Q. What is digital eye strain, and what are some symptoms?
Digital eye strain is a group of eye and vision problems that results from prolonged use of computers, tablets and smartphones. The most common symptoms people notice may be eye irritation and dryness, headache, or neck and shoulder pain.
Causes of digital eye strain include:
- Glasses not suited for use on a computer or other screen
- Uncorrected vision problems like astigmatism
- Glare from the overhead lights on the screen
- Not sitting at the correct working distance from your computer
- Poor posture at your desk
The more hours a day you spend at a screen, the more symptoms you'll likely experience.
Q. What are some tips to avoid digital eye strain?
Properly setting up your desk is the easiest way to avoid eye strain. First, position your computer screen arm's length away. When sitting at your computer, you want your eyes to be at the top of the monitor so that you're looking down at the screen. That's the best angle for looking at your devices. Next, adjust the contrast on your screen to a comfortable level. Also, it's equally important to remember the same ergonomics when using a laptop instead of a desktop computer.
Not blinking enough makes our eyes dry and irritated. So remind yourself to blink throughout the day and be mindful that it can make a big difference.

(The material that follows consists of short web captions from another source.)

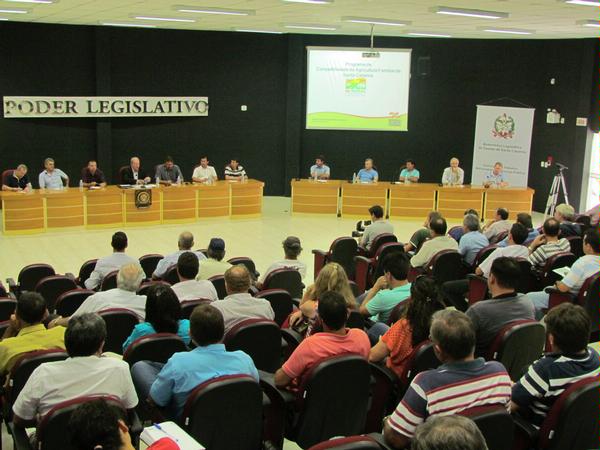  Marcos Vieira ajuda a desenvolver a agricultura familiar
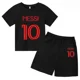 thumbnail image 2 of Nueva camiseta y pantalones cortos con estampado de Messi para niños y adolescentes, conjunto de 2 piezas, ropa de fútbol para niños y niñas, traje deportivo de moda de manga corta de verano, 2 of 5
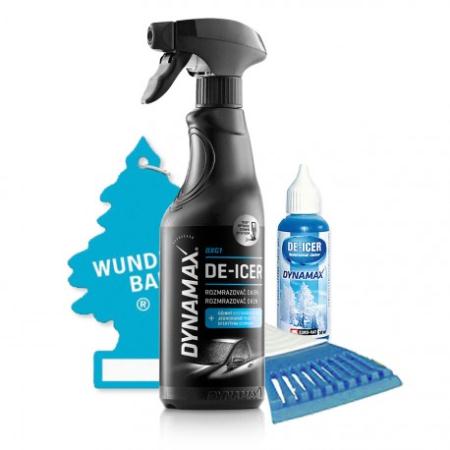 DYNAMAX Rozmrazovač okien 500ml + darček zdarma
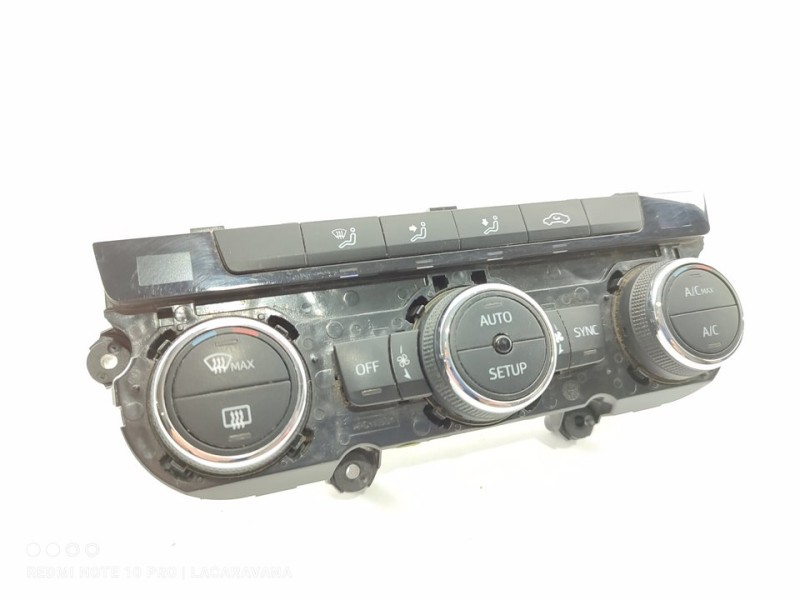 Recambio de mando climatizador para seat leon (5f1) fr referencia OEM IAM 5F0907044H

Finally, adults and children should follow the 20/ 20/20 rule when using a digital device. Every 20 minutes, give your eyes a 20-second break and look 20 feet away. For example, look out the window or across the room, blink a few times, and then return to work.
Can spending a lot of time on digital devices harm children's eyes?
Studies show that children who spend a lot of time on devices and indoors have an increased risk of being nearsighted, so it is important to encourage children to limit screen time and go outside.
What are your thoughts about wearing readers when using a device?
Readers are certainly a convenient, inexpensive way to see better when reading. Some people do fine with them for a while, but they may not be the best choice in the long run.
Most people have some vision difference between their eyes, and over-the-counter readers don't compensate for that. Readers also are not effective if you have astigmatism.
It's best to have a comprehensive eye exam with your optometrist to measure your exact prescription to get a good pair of glasses with quality lenses. Adding coatings to the lenses can make a big difference in reducing eye strain on your devices.
How often should adults have an eye exam?
The best way to protect your vision and eye health is to have a yearly comprehensive eye exam. Your optometrist may notice issues you aren't even aware of, such as dry eyes, cataracts, glaucoma or macular degeneration. Also, your optometrist can evaluate how chronic conditions like diabetes or high blood pressure or impacting the eyes. So, even though you think your eyes are perfect and healthy, it's essential to have them checked by a professional.